**RECORDS SHOWN:**
──────
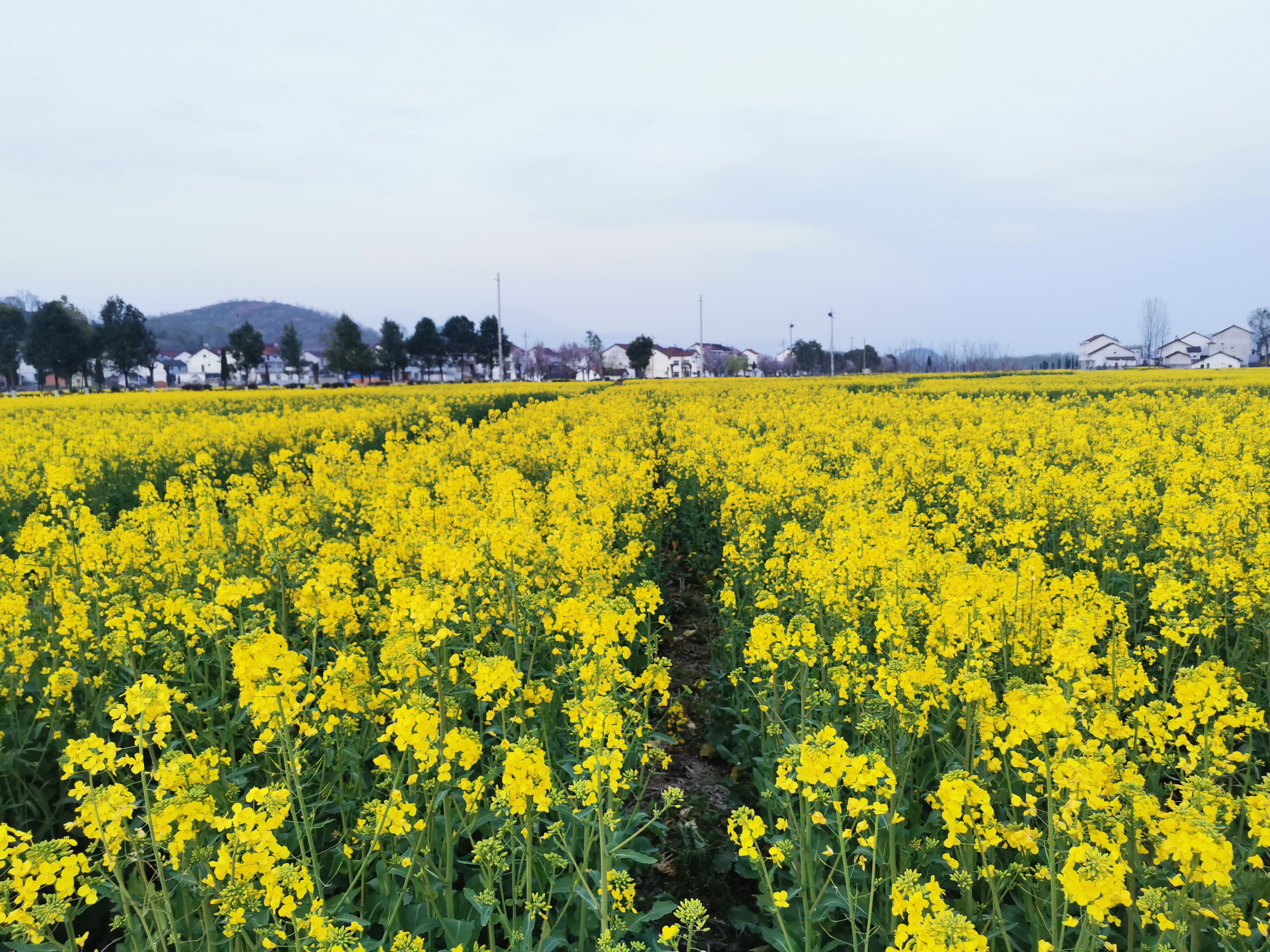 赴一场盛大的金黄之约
──────
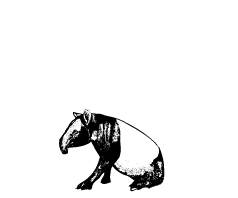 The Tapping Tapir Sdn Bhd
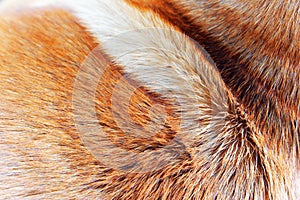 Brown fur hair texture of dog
──────
**WORK TO BE COMPLETED:**
What should come back is an exact copy of the lines above from the line with "The Tapping Tapir Sdn Bhd" to the line with "Brown fur hair texture of dog", both included, minus the pictures.

**YOUR RESPONSE:**
 The Tapping Tapir Sdn Bhd
 Brown fur hair texture of dog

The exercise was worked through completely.